Rant over. Well, paused, anyway. What does this have to do with property? In a way, everything.
If the problem was as framed by Just Stop Oil, you wouldn’t see a bank issuing a mortgage on a property less than a certain amount above sea level, or in a certain area. It wouldn’t be viable long-term security. The thought – and I think Lomborg is the only person brave enough to say it – that some parts of the world will benefit from warming is scary, but not even considered by the zealot side of the argument. I’ve said it before – economics is brutal. It counts 100k deaths versus 1m deaths and has no doubt that the 100k deaths outcome is “better” or “preferable” or “superior”. Some, mistakenly, take that to mean that economists don’t care about people. These people live in beautiful bubbles – suburban paradise usually, pontificating within higher educational environments – often tenured for life, comfortably placed at the teat of the public purse, or on the dime of the endowment funds – and live that life because they can’t face reality, or cope with real world problems. Idealistic ones are rarely, if ever, viable. You just can’t go about solving problems with ideology, or because something “sounds good” or makes you feel good inside.

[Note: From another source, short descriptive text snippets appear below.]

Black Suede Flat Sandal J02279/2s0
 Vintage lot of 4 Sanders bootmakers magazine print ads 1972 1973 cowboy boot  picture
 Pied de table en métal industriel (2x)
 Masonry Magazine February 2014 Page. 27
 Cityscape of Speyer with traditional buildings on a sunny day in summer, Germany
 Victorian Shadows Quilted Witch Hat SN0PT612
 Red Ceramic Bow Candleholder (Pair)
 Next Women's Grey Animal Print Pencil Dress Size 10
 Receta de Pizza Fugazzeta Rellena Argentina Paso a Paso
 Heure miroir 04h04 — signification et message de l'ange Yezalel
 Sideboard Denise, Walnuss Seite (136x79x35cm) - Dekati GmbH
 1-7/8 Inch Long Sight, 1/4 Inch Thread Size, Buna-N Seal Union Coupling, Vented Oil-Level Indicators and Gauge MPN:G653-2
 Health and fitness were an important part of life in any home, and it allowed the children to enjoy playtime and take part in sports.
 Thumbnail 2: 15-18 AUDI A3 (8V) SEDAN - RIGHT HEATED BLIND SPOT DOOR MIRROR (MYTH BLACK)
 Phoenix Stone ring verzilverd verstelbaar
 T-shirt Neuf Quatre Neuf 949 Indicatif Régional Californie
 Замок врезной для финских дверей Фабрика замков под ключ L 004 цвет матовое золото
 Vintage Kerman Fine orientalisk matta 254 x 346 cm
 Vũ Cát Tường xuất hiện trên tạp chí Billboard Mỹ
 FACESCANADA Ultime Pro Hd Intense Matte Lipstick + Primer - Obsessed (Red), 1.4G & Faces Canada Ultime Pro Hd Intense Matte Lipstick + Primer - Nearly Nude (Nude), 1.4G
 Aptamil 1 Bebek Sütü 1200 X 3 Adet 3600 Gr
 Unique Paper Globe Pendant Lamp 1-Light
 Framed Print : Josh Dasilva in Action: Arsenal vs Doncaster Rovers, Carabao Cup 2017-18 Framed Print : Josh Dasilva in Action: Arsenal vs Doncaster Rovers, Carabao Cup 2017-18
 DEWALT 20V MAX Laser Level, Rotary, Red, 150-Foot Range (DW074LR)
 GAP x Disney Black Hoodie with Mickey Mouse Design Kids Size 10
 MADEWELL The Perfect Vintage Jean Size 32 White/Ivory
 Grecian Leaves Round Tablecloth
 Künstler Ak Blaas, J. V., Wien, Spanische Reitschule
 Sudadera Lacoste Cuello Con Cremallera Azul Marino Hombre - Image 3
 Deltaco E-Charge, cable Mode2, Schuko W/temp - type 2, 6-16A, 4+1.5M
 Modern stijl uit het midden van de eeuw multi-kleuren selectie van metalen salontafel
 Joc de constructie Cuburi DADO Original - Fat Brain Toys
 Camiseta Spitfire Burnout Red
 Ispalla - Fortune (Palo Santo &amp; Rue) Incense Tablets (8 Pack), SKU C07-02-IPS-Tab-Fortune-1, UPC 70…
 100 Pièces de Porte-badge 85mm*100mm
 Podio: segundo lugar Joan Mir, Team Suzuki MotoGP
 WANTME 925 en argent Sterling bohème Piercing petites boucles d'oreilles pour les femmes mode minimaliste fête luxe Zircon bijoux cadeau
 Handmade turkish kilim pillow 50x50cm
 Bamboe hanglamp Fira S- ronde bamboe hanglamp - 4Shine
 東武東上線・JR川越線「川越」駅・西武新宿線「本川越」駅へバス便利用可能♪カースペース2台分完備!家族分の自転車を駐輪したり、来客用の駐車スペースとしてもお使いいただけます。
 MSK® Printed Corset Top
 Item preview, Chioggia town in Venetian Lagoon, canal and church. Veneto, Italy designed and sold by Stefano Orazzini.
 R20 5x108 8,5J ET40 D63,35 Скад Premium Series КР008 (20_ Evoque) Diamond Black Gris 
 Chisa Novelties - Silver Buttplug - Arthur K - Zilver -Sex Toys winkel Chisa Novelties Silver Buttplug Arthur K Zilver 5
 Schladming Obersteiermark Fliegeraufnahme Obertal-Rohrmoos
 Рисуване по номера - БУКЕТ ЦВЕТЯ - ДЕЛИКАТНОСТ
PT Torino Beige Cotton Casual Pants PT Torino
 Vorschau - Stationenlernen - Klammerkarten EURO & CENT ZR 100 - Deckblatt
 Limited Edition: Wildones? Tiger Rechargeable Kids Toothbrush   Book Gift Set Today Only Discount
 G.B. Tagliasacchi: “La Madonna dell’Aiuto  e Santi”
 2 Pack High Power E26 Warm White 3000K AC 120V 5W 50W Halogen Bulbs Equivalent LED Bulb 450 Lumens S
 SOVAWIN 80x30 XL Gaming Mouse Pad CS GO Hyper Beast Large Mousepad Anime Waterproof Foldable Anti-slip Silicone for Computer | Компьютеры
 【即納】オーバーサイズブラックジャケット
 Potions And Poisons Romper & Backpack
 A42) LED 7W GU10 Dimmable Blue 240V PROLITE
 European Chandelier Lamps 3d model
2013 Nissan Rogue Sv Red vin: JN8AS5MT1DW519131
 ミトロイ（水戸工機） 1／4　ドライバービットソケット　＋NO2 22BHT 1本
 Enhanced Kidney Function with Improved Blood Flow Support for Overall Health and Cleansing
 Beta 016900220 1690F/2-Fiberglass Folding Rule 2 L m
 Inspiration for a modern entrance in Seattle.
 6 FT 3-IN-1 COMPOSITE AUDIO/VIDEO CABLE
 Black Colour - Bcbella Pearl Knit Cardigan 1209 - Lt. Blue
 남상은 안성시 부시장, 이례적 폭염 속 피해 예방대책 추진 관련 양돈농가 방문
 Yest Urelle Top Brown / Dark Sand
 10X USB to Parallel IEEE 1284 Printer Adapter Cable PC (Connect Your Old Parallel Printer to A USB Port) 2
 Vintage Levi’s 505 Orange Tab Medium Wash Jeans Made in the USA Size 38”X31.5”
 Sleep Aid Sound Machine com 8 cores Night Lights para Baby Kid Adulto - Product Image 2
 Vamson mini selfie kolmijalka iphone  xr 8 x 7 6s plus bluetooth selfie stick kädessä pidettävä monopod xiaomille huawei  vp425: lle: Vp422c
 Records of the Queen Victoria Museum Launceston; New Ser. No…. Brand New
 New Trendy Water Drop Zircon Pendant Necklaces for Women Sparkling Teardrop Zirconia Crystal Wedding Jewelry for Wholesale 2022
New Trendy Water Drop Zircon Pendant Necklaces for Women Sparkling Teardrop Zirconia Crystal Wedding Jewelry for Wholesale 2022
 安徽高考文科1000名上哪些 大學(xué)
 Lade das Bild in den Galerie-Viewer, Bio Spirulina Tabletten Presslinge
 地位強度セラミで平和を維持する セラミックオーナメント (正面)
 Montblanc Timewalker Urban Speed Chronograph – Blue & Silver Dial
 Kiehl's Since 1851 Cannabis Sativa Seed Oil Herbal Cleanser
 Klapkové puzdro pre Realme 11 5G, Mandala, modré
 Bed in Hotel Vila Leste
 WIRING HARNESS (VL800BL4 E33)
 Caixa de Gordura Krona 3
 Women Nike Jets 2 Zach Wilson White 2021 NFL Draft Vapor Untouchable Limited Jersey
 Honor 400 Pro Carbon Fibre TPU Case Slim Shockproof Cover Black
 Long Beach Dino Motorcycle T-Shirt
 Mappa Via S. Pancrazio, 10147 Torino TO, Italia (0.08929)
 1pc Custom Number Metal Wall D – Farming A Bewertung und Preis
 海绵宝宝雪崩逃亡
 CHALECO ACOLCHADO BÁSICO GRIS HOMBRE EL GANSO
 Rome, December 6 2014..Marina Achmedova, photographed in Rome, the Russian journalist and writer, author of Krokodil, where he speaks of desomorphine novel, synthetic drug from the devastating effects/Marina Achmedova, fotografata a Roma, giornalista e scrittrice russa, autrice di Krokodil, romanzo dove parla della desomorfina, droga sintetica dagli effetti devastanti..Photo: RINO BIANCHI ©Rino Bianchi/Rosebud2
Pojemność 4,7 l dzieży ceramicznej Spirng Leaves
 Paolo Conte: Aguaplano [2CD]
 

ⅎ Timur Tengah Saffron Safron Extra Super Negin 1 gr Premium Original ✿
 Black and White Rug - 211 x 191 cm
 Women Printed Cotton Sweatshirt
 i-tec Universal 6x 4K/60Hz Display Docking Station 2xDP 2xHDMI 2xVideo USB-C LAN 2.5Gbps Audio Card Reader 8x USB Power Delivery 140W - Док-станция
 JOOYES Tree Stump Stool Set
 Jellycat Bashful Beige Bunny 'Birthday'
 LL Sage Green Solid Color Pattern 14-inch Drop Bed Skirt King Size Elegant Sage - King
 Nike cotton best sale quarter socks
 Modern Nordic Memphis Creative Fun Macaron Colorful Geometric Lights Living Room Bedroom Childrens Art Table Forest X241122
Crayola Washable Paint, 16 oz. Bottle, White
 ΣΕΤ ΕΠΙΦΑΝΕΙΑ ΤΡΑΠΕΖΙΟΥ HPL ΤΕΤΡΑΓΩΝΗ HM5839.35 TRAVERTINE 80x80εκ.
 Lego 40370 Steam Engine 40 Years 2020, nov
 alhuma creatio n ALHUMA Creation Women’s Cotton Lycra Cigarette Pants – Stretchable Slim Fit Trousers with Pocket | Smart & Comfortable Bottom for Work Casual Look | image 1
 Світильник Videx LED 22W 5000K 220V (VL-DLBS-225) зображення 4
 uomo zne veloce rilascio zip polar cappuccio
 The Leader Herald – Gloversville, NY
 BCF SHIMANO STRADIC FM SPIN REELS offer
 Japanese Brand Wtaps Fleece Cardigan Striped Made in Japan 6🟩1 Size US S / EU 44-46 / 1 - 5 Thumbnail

Will there be parts of the world that become uninhabitable, or more inhospitable than they already are? Yes, there will. What’s the timescale? Goodness knows – it depends on what and where. Has that been happening for nearly 14 billion years? Yes. Are humans having an impact – YES, absolutely. Do we help by throwing dust on a snooker table in one of the richest nations in the world? Unequivocally NO. Can we expect to do much more than we are already doing, i.e. negotiating with the developing nations who hold all the cards in the future of the climate change issue, and what fuels are used (you know, those nations who are doing more to proliferate nuclear and solar power already than we are, because of terribly misguided policies and superior manufacturing?) – no, I’m afraid I don’t think we can. “COP is a talking shop” is a non-sequitur. Of course it is – because the UK can’t do anything meaningful on their own. We are already going in the right direction. Lead the world – perhaps – at great expense sending us into a more debt-ridden fiscal drag of an environment – at the cost of the lives of our own citizens with oncoming recessions because we “Just Stop Oil”? Let’s not do that, eh? Doesn’t seem in any way viable, and in fact, when we do get to the “balance of lives” – it stacks up very badly indeed.
In reality, we need to get on with the multitude of problems we face on a day to day basis. Poverty. Inequality. Productivity. Be environmentally conscious – sure. Change everything, within 5 or 10 years, at all costs? Take drastic action today? It would be utter lunacy.
For the second time today……and in perpetuity……keep calm, and carry on, folks!